Aim of the task:
Although the data below contains pictures, please reproduce only its words, exactly.

*** Opening of Exercise data ***

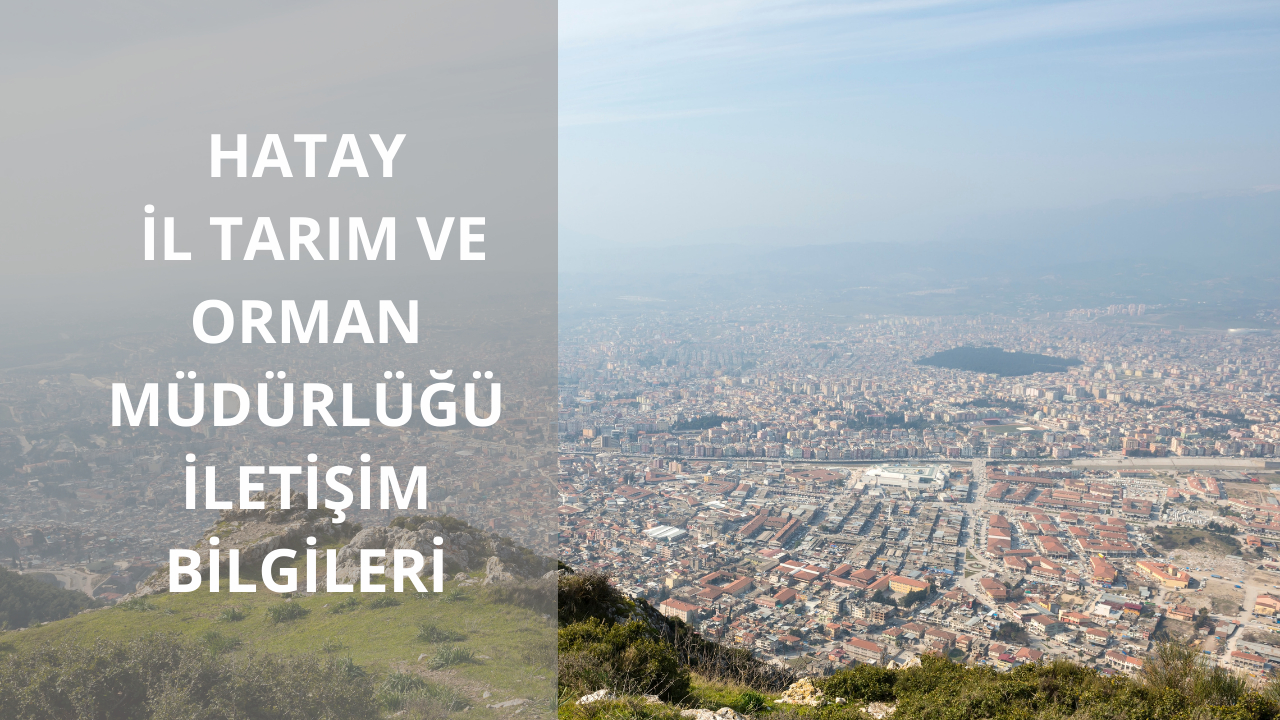 Hatay İl Tarım ve Orman Müdürlüğü iletişim bilgileri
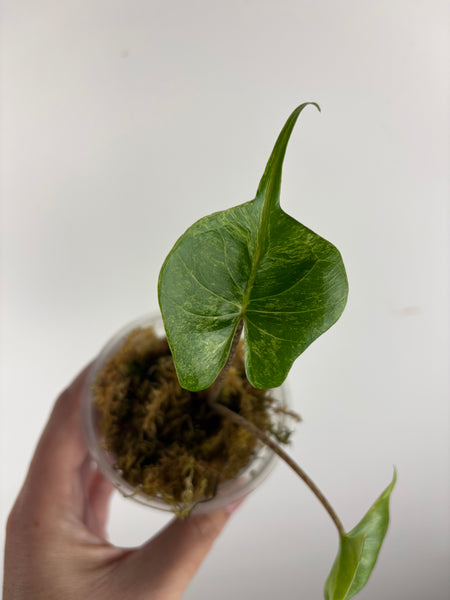 Alocasia stingray albo var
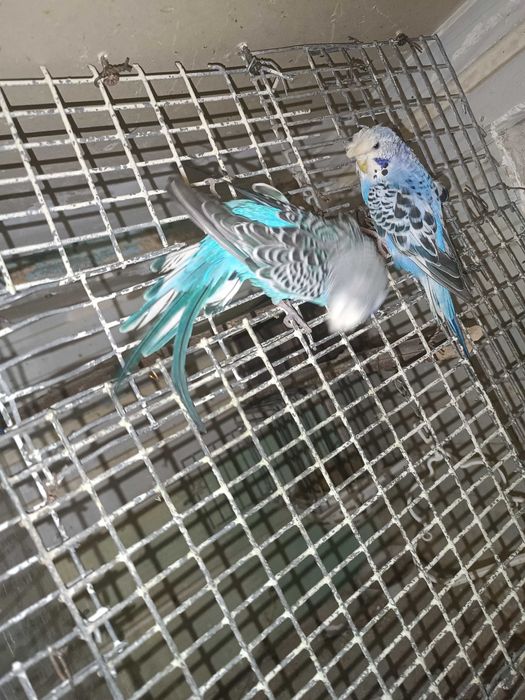 Тайор пара чупатила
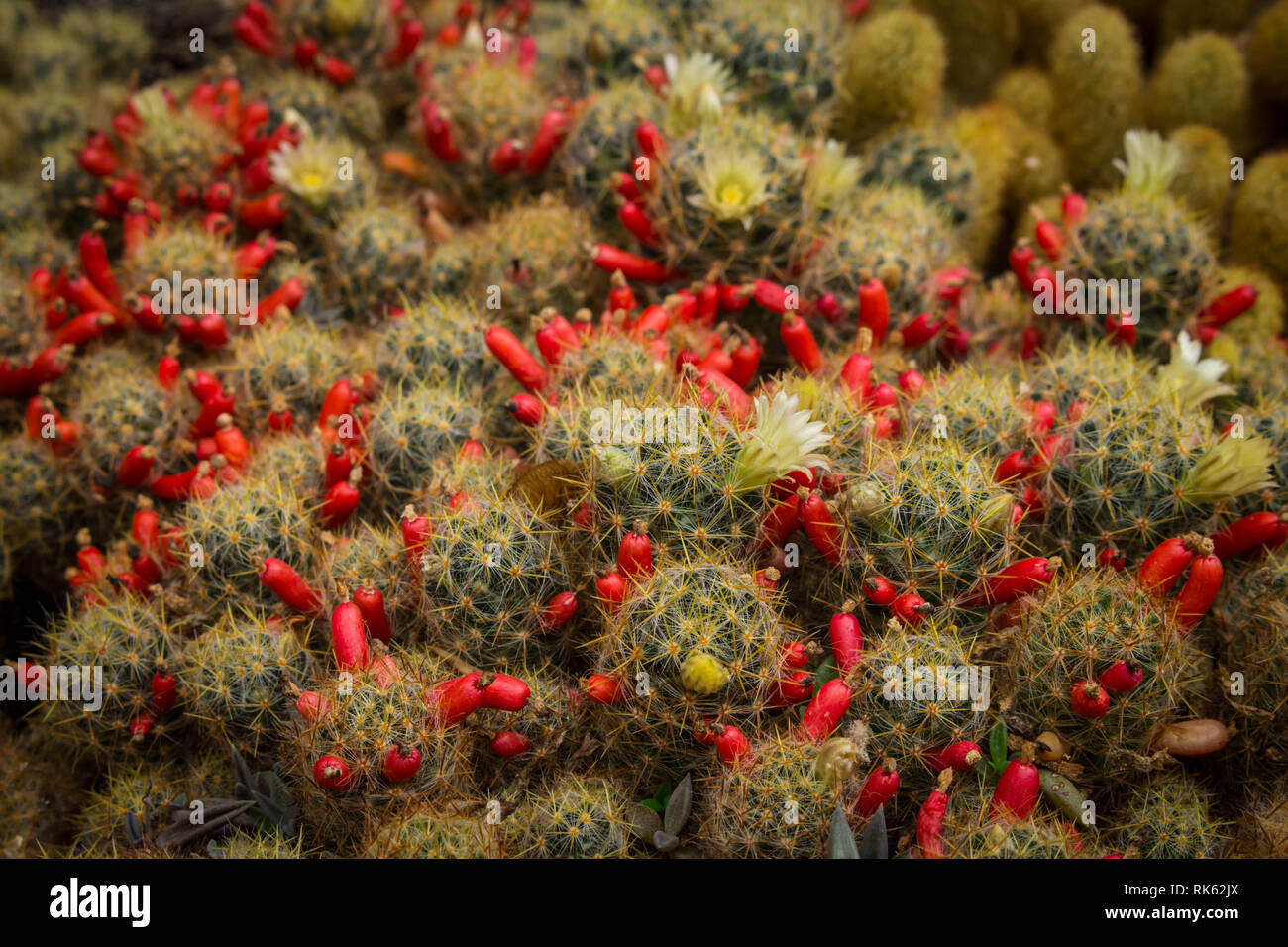 Common cacti Mammillaria prolifera with flowers and red fruits Stock Photo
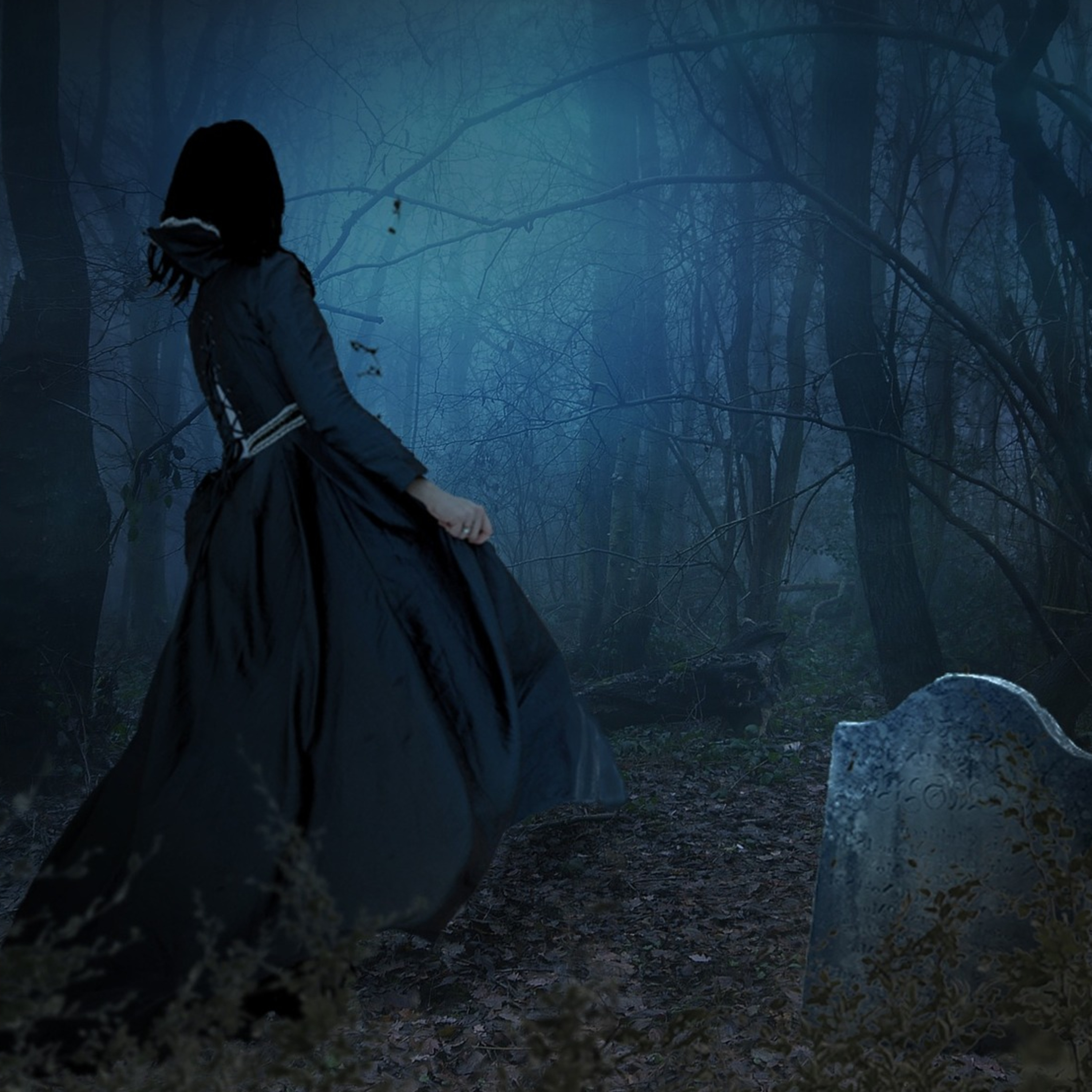 Snehulienka a ponuka, ktorá sa neodmieta episode artwork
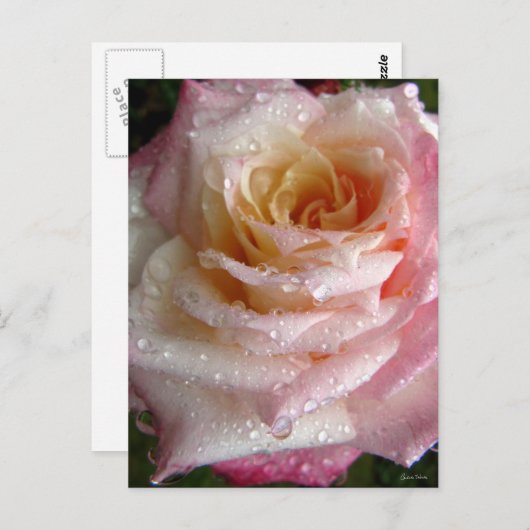 Misty Roos Briefkaart (Voorkant / Achterkant)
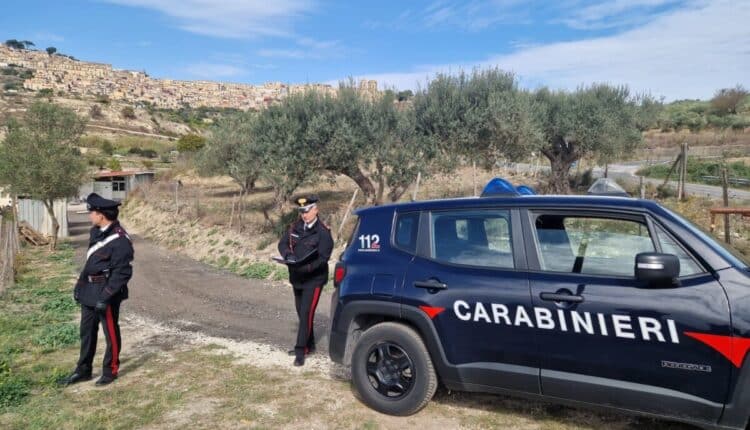 Ragusa:rapina di un vitello a San Giacomo, i Carabinieri arrestano il responsabile.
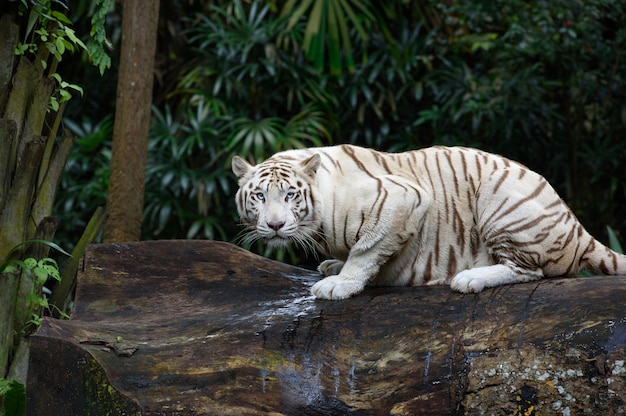 Tigre De Bengala Blanco Se Arrastra En Una Jungla Foto Premium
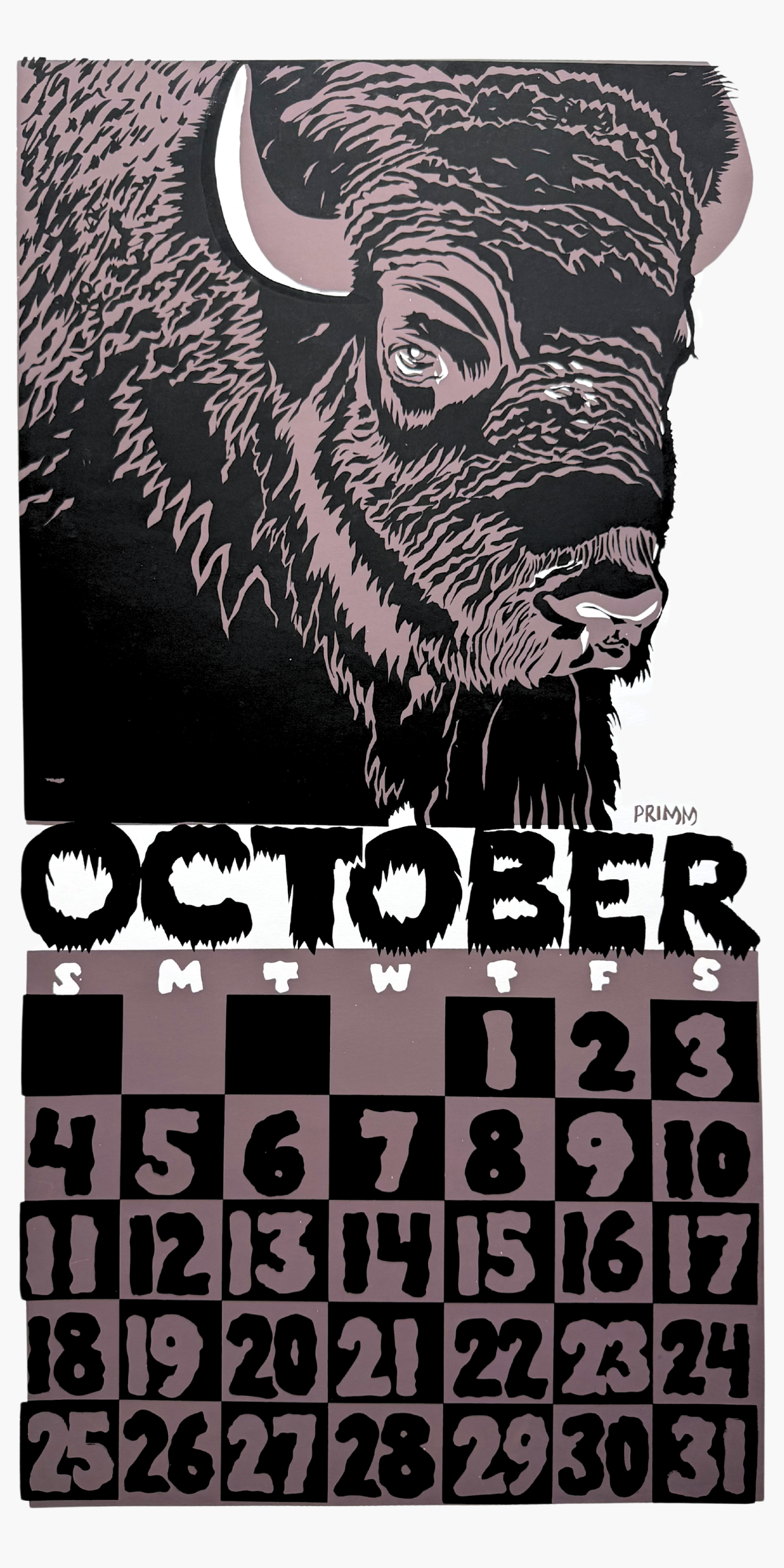 1998 Dolphin Studio Calendar Archive Prints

*** Close of Exercise data ***

Result of this task:
 Hatay İl Tarım ve Orman Müdürlüğü iletişim bilgileri
 Alocasia stingray albo var
 Тайор пара чупатила
 Common cacti Mammillaria prolifera with flowers and red fruits Stock Photo
 Snehulienka a ponuka, ktorá sa neodmieta episode artwork
 Misty Roos Briefkaart (Voorkant / Achterkant)
 Ragusa:rapina di un vitello a San Giacomo, i Carabinieri arrestano il responsabile.
 Tigre De Bengala Blanco Se Arrastra En Una Jungla Foto Premium
 1998 Dolphin Studio Calendar Archive Prints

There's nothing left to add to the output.